The ACLU’s letter, signed by Executive Director Anthony D. Romero, states in part:
“The fact that such crimes have been committed can no longer be doubted or debated, nor can the need for an independent prosecutor be ignored by a new Justice Department committed to restoring the rule of law … Given the increasing evidence of deliberate and widespread use of torture and abuse, and that such conduct was the predictable result of policy changes made at the highest levels of government, an independent prosecutor is clearly in the public interest. The country deserves to have these outstanding matters addressed, and have the assurance that torture will stop and never happen again. An independent prosecutor is the only sure way to achieve these goals.”
A full copy of the letter can be found below and online at: www.aclu.org/safefree/torture/39054res20090317.html
March 17, 2009
The Honorable Eric Holder
Department of Justice
Robert F. Kennedy Building
Tenth Street and Constitution Avenue, N.W.
Washington, D.C. 20530
Re: First Official Request of the New Administration for Appointment of an Independent Prosecutor for the Investigation and Prosecution of Any Violations of Federal Criminal Laws Related to the Interrogation of Detainees
Dear Attorney General Holder:
The American Civil Liberties Union respectfully but unequivocally calls upon you to appoint an independent prosecutor, designated as a “special counsel” under Department of Justice regulations, for the investigation and prosecution of violations of federal criminal laws related to the interrogation of detainees held by, or being questioned by, the United States. The fact that such crimes have been committed can no longer be doubted or debated, nor can the need for an independent prosecutor be ignored by a new Justice Department committed to restoring the rule of law. More than six years after the first reported use of torture or abuse in interrogation and detention and nearly five years after the exposure of torture at Abu Ghraib, it is time for full and fair enforcement of federal criminal laws prohibiting the use of torture and abuse. The ACLU made similar requests for an independent prosecutor to your two immediate predecessors beginning more than four years ago, but this is our first official and public request for the appointment of an independent prosecutor of your Justice Department, and we eagerly await your official and public response in coming weeks.
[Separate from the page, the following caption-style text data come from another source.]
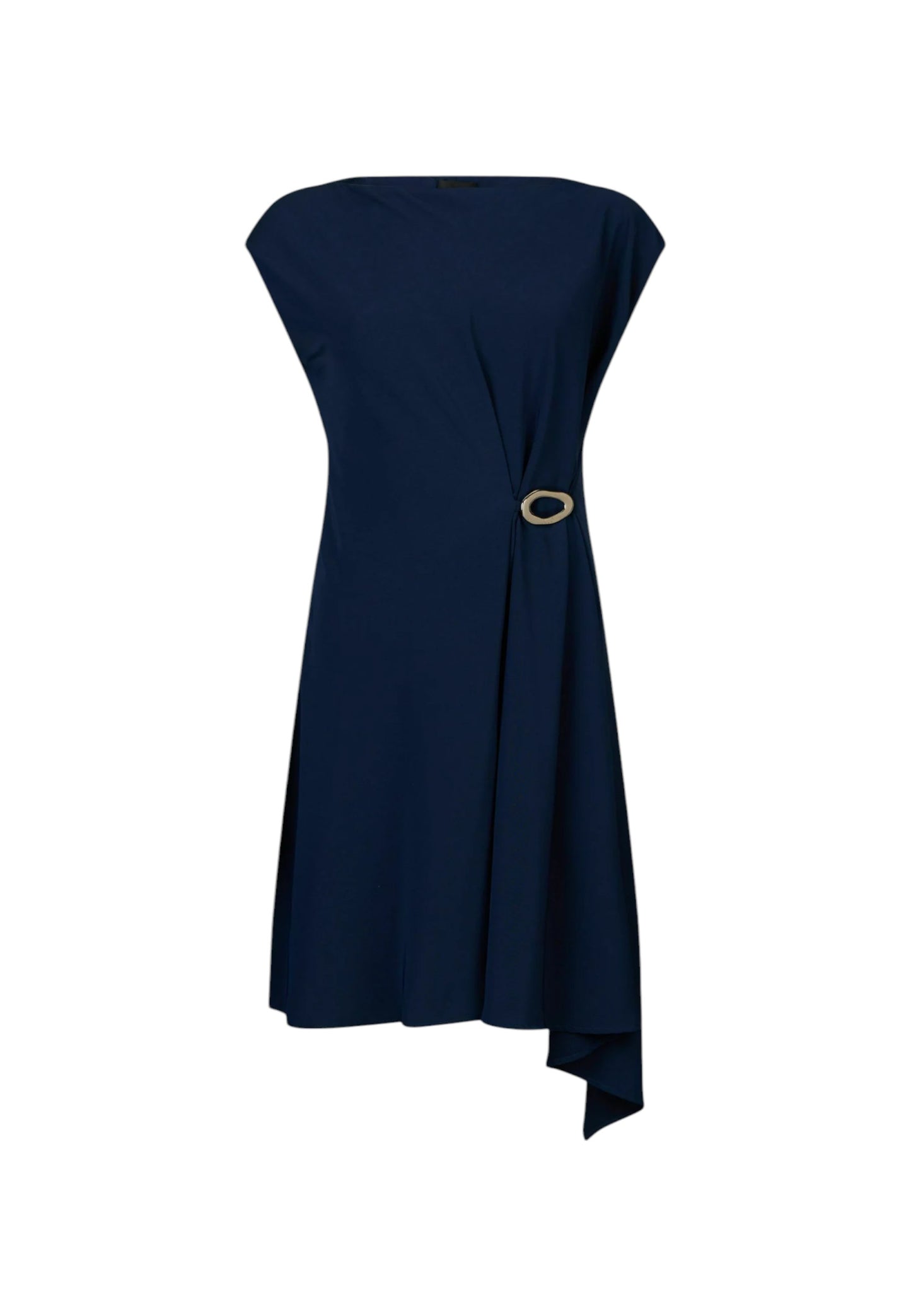Vestito Corto Donna Liu Jo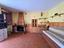 Immagine 12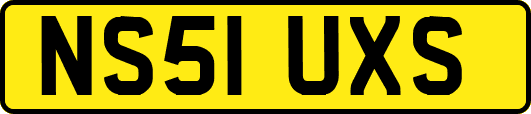 NS51UXS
The disclosure on Sunday of substantial excerpts from the confidential report of the International Committee of the Red Cross on its interviews with detainees held at Guantánamo provides further and incontrovertible documentation of the use of torture and abuse by the United States against its detainees. In its report, the ICRC concluded:
The allegations of ill-treatment of the detainees indicate that, in many cases, the ill-treatment to which they were subjected while held in the CIA program, either singly or in combination, constituted torture. In addition, many other elements of the ill-treatment, either singly or in combination, constituted cruel, inhuman or degrading treatment.
Of course, torture is a federal crime under the federal Anti-Torture Act and War Crimes Act, and also violates general federal criminal statutes barring assault and similar crimes.
The disclosure of portions of the ICRC report follows two other important recent developments. First, Susan Crawford, who is the convening authority for military commissions for the Department of Defense, stated to the Washington Post on January 14, 2009, that “[w]e tortured [Mohammed al-] Qahtani,” and that “[h]is treatment met the legal definition of torture.” With that determination, the top Defense Department official overseeing prosecutions at Guantánamo stated that she would not prosecute the detainee. Second, during your own confirmation hearing, you testified that waterboarding—which is one of the interrogation tactics described as used on multiple detainees in the ICRC report and was also acknowledged by the CIA as being used on multiple detainees—is torture, and also made a clear statement that “no one is above the law.” It is impossible to see how there would not be credible evidence to warrant opening a criminal investigation into torture crimes.
I would like to address several specific concerns:
Credible Evidence of Torture Crimes: The excerpts from the ICRC report include reports of waterboarding, beatings, deprivation of adequate food and water, induced hypothermia, sensory deprivation, sleep deprivation, stress positions and prolonged shackling, confinement in a mock coffin, prolonged nudity, and forced shaving. Each of these practices would be criminal on its own, but when combined as discussed in the report, the cumulative effect is greater than the sum of the practices. The report of these incidents certainly warrants a criminal investigation.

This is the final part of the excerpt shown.